▽

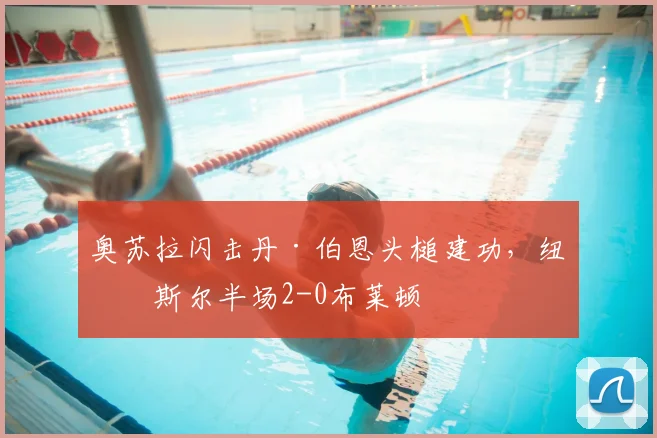 奥苏拉闪击丹·伯恩头槌建功，纽卡斯尔半场2-0布莱顿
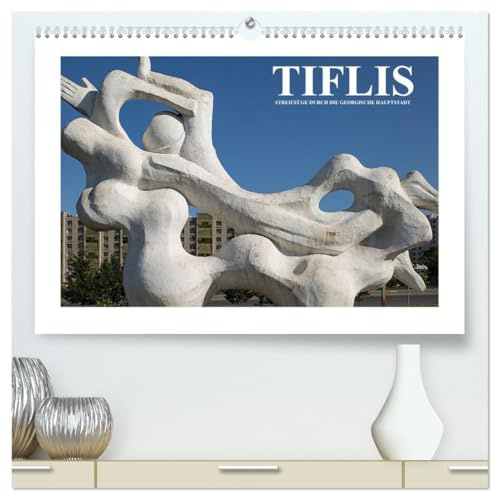 Tiflis - Streifzüge durch die georgische Hauptstadt (hochwertiger Premium Wandkalender 2026 DIN A2 quer), Kunstdruck in Hochglanz: Der Kalender zeigt ... im südlichen Kaukasus. (CALVENDO Orte)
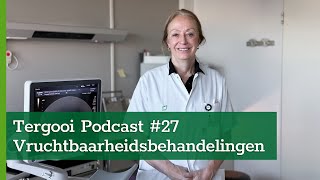 Tergooi Podcast 27 Vruchtbaarheidsbehandelingen IUI en IVF [upl. by Oiraved]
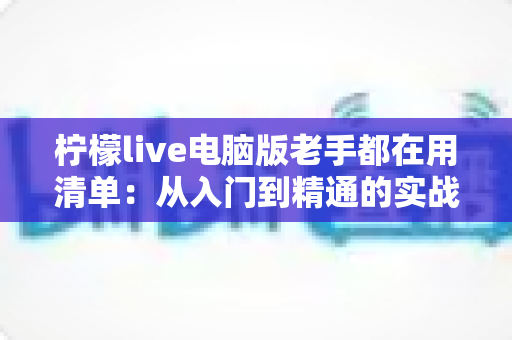 柠檬live电脑版老手都在用清单:从入门到精通的实战秘籍大公开 柠檬live电脑版老手都在用清单:从入门到精通的实战秘籍大公开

△

### What you should do:
Restate the data word for word, minus any images.

### Solution:
 奥苏拉闪击丹·伯恩头槌建功，纽卡斯尔半场2-0布莱顿
 Tiflis - Streifzüge durch die georgische Hauptstadt (hochwertiger Premium Wandkalender 2026 DIN A2 quer), Kunstdruck in Hochglanz: Der Kalender zeigt ... im südlichen Kaukasus. (CALVENDO Orte)
 Tergooi Podcast 27 Vruchtbaarheidsbehandelingen IUI en IVF [upl. by Oiraved]
 柠檬live电脑版老手都在用清单:从入门到精通的实战秘籍大公开 柠檬live电脑版老手都在用清单:从入门到精通的实战秘籍大公开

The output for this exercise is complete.